Thursday, July 24, 2008

Al-Qaeda in Afghanistan

Wednesday's WaPo editorial finds Obama's strategic vision eccentric for its focus on Afghanistan. Among others, both Yglesias and Ackerman find fault with the editorial, and point out that the WaPo editors think fighting al-Qaeda in Afghanistan is not as important as securing Iraqi oil supplies.
Obama has called for increased US military action in Afghanistan by withdrawing troops from Iraq. This position is apparently supported by Admiral Mike Mullen, the Chairman of the US Joint Chiefs of Staff, based on Admiral Mullen's characterization of the Afghanistan conflict as "urgent" and "growing."
Yet, the WaPo editorial says this shift in focus is "eccentric", as "there are no known al-Qaeda bases in Afghanistan." This may very well be true - at present.
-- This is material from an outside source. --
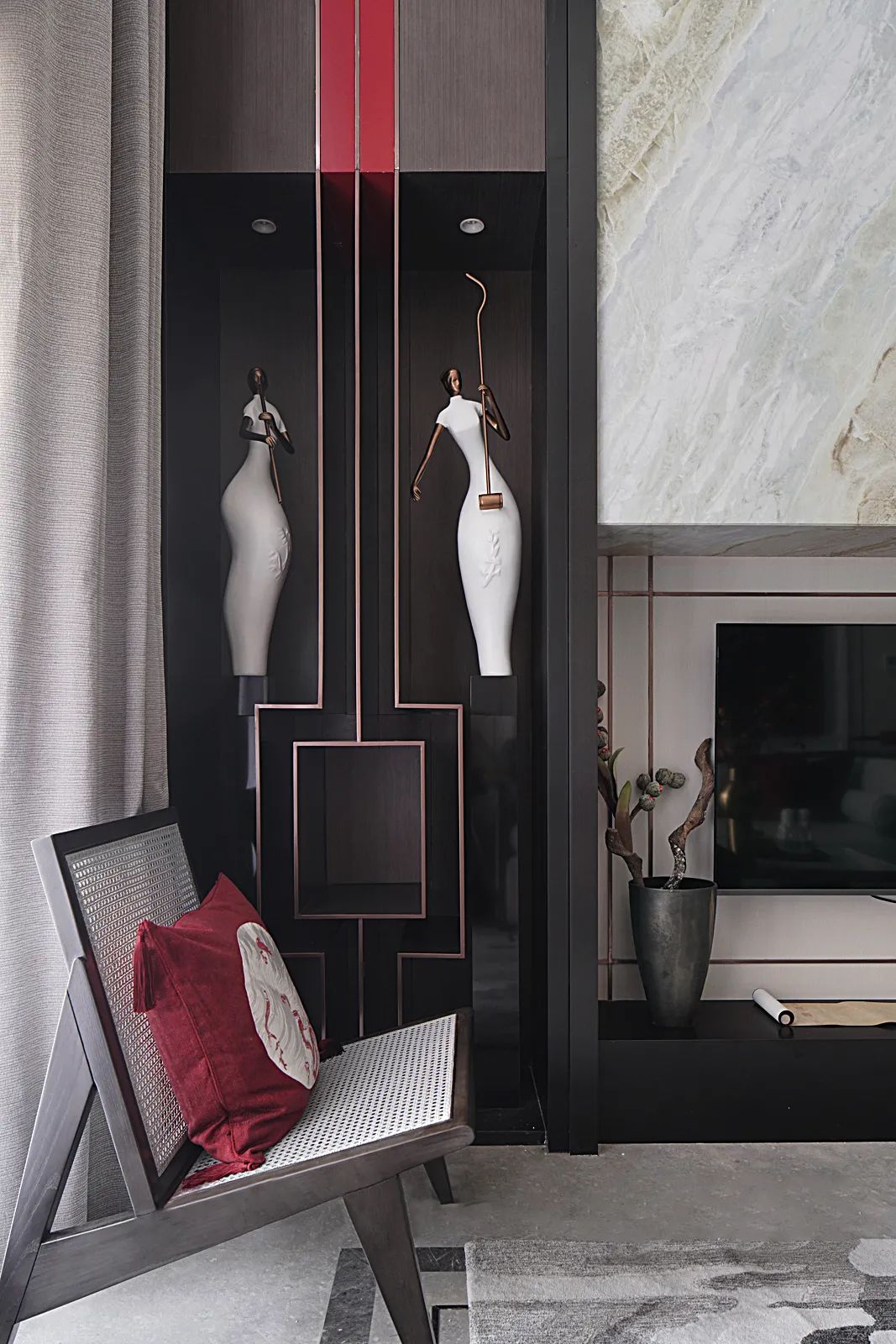 新中式風格室內(nèi)設(shè)計家裝案例-客廳背景墻 新中式風格室內(nèi)設(shè)計家裝案例-客廳背景墻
However, al-Qaeda, including Osama bin Laden, is apparently hiding along the Afghan-Pakistan border. The Taliban, close allies of al-Qaeda, are growing more active, even forcing US troops to abandon an outpost along the Afghan-Pakistan border after 9 US soldiers were killed, following a massive jail break in Kandahar earlier in the year that freed 400 Taliban inmates and hundreds of other prisoners. Apparently, the Taliban control more of Kandahar ($$) than does the Afghan government.
Further, according to an unnamed "senior Defense Department official", al-Qaeda activity was increasing in Afghanistan as of Dec 2007, with al-Qaeda seeking to return to its former base of operations. Al-Qaeda apparently has a new Afghan chief, who has called for more foreign recruits - apparently succeessfully. According to Taliban sources, from the USA Today report:
"al-Qaeda has financed the Taliban in both Pakistan and Afghanistan, [senior Taliban Qari Mohammed] Yusuf told the AP. In the chaos created by the Taliban groups, al-Qaeda has been able to steadily recruit, re-establish its public relations wing, plot new attacks and re-establish areas of operation on both sides of the border." [emphasis mine - RS]
In response to the growing violence, troop levels in Afghanistan have been increasing, so that as of April this year, there were 32,000 US troops out of an international force of 70,000 in Afghanistan (compared to ~150,000 US troops in Iraq). Still, another 3 brigades have been requested by the US commander, which fits with Obama's call and probably the basis of Admiral Mullen's assessment. Since the security situation in Iraq has been improving as per Admiral Mullen, a shift in focus seems feasible - and perhaps essential.

So - what exactly is eccentric about Obama's strategic vision, again?